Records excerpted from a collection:
%%

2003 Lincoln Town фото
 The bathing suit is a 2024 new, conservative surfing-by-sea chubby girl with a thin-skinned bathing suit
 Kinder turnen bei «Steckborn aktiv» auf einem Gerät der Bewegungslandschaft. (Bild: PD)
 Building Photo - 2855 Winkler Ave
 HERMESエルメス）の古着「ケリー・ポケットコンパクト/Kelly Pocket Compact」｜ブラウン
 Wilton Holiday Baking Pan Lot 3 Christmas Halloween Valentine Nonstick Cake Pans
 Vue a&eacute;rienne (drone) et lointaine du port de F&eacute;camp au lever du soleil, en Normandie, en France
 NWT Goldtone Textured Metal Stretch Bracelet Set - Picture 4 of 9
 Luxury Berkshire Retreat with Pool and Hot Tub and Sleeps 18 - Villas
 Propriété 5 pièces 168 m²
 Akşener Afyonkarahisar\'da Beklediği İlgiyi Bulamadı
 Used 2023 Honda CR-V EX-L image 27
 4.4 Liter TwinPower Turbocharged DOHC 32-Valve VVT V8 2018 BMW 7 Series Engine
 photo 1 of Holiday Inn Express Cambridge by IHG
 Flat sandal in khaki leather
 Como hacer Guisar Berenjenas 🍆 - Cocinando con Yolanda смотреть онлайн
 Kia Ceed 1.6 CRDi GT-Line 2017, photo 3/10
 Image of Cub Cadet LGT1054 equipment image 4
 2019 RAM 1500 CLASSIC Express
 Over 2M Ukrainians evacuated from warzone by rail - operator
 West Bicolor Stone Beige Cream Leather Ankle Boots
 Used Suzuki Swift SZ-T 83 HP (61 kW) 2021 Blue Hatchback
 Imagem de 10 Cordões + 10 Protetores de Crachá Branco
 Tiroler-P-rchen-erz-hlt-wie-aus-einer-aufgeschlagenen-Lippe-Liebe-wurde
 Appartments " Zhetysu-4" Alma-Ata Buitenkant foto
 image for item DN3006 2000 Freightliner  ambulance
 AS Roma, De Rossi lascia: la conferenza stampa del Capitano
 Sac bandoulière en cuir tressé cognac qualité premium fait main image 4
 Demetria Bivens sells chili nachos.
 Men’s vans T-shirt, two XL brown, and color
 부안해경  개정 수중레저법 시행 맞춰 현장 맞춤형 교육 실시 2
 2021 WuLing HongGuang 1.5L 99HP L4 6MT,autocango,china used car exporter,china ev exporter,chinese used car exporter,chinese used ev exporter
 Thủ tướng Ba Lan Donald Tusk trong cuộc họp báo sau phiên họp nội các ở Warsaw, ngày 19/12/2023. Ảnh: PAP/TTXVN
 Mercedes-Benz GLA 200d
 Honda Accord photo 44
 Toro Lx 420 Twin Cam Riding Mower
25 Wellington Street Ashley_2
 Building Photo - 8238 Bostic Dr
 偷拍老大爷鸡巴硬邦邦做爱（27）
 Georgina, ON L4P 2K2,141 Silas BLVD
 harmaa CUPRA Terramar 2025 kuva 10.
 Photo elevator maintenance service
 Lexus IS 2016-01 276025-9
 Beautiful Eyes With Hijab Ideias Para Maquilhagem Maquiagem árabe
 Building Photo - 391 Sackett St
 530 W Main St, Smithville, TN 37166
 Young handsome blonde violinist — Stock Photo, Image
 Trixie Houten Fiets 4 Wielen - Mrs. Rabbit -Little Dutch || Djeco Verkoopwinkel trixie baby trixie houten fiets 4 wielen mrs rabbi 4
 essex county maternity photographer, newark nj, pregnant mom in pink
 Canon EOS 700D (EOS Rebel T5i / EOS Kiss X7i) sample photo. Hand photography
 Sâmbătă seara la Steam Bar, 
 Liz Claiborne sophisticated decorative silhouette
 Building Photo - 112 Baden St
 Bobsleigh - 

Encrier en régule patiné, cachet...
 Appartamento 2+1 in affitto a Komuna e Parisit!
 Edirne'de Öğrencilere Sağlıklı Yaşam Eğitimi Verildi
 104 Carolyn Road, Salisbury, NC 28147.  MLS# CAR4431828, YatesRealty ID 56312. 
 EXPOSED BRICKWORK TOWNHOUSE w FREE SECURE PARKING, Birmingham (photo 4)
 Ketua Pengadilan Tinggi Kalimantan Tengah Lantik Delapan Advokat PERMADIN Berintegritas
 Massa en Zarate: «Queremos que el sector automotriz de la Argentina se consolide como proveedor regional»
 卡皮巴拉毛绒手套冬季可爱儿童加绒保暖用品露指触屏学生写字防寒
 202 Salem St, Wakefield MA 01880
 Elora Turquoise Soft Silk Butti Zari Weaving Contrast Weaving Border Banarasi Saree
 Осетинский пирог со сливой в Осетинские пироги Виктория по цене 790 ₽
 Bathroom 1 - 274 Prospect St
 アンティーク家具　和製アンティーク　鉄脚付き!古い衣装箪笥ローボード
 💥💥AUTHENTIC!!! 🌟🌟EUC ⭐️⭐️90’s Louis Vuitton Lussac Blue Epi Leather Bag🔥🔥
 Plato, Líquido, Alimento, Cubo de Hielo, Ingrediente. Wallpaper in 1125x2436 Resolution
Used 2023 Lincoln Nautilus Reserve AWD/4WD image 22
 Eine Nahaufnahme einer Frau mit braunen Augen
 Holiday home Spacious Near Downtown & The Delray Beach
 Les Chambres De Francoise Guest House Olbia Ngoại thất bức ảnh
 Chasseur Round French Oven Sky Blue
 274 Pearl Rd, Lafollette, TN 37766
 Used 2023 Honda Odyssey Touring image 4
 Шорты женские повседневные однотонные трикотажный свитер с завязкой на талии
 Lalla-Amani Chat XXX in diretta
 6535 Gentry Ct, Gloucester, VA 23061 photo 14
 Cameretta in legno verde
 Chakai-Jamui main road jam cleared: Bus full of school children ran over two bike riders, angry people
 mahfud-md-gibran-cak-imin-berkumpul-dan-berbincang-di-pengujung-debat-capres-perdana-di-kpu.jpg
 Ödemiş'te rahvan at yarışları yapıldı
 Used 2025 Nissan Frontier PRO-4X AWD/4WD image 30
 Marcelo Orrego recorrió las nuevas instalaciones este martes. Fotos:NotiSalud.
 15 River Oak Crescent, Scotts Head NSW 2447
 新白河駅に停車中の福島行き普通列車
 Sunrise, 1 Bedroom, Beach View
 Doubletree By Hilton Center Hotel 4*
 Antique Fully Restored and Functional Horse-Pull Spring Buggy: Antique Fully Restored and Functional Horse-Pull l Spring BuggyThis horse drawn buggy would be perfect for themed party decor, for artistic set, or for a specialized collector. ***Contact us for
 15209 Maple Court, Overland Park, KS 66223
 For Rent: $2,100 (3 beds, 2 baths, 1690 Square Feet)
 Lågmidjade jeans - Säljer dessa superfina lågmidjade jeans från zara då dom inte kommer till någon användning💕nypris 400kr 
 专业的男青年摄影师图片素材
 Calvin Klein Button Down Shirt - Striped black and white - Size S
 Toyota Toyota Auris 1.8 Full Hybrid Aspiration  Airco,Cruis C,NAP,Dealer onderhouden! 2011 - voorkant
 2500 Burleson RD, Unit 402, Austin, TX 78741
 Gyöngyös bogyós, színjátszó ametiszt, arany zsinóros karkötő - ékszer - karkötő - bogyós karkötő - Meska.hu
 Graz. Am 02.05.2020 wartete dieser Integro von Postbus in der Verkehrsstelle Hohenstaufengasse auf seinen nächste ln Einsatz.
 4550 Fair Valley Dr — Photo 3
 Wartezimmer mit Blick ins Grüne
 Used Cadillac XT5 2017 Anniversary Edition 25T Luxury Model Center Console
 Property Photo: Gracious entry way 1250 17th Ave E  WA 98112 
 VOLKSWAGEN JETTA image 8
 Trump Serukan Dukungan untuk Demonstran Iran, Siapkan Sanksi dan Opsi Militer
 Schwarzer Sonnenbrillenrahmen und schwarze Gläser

%%

- Exercise:
Will you return exactly the lines above from the one with "Over 2M Ukrainians" down to the one with "AS Roma, De", counting both as part of the range?

- Solution to the exercise:
 Over 2M Ukrainians evacuated from warzone by rail - operator
 West Bicolor Stone Beige Cream Leather Ankle Boots
 Used Suzuki Swift SZ-T 83 HP (61 kW) 2021 Blue Hatchback
 Imagem de 10 Cordões + 10 Protetores de Crachá Branco
 Tiroler-P-rchen-erz-hlt-wie-aus-einer-aufgeschlagenen-Lippe-Liebe-wurde
 Appartments " Zhetysu-4" Alma-Ata Buitenkant foto
 image for item DN3006 2000 Freightliner  ambulance
 AS Roma, De Rossi lascia: la conferenza stampa del Capitano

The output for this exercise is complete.